■ **WHAT TO PRODUCE**:
When you reach the line containing "Meri-ruukin Lomakylae Hotel *", begin reproducing the material exactly, stop after the line containing "Holiday home Lovely In With Kitchen Randbol", and leave out any pictures along the way.

■ **EXTRACTED ENTRIES**:
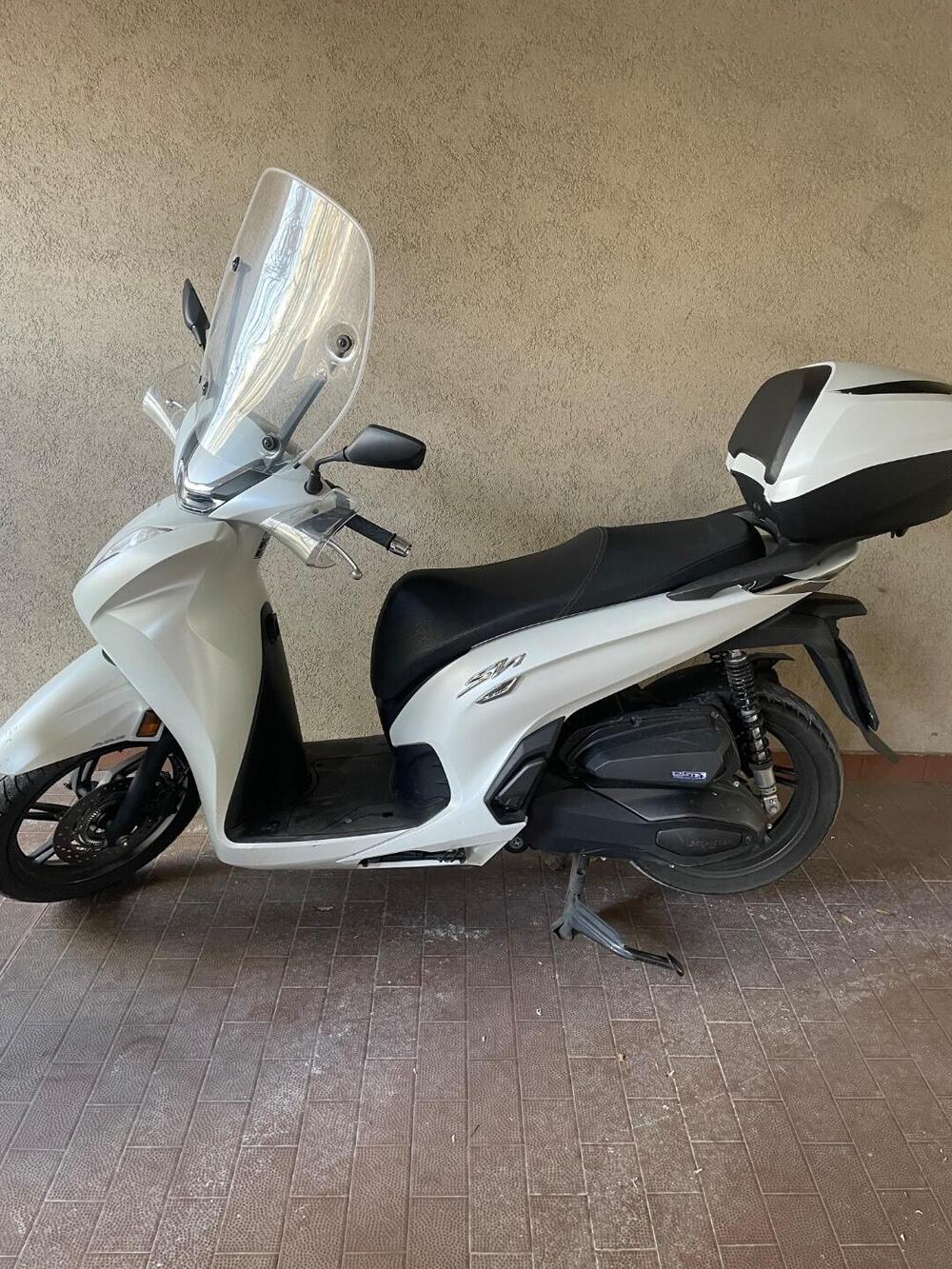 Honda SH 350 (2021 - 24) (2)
...
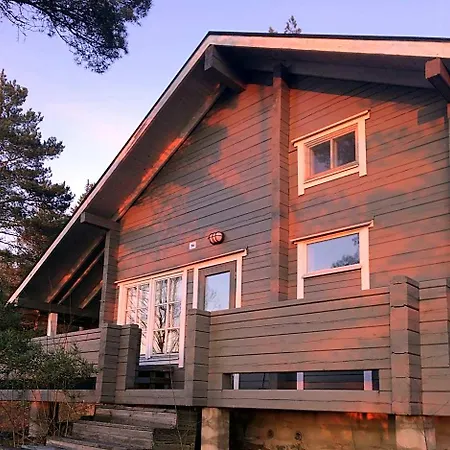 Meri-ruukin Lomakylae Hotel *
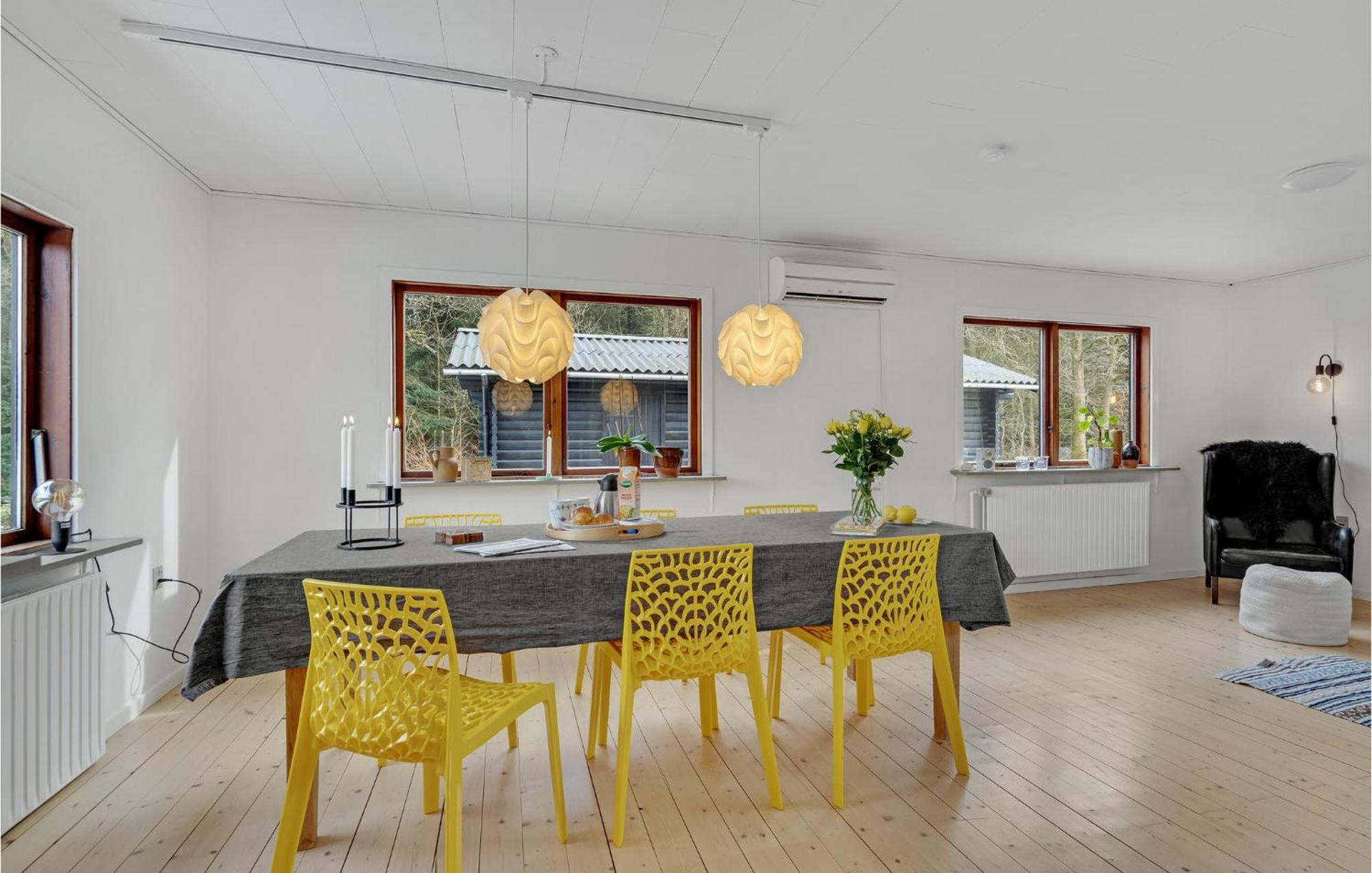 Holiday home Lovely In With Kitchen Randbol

■ **WRITTEN RESPONSE**:
 Meri-ruukin Lomakylae Hotel *
 Holiday home Lovely In With Kitchen Randbol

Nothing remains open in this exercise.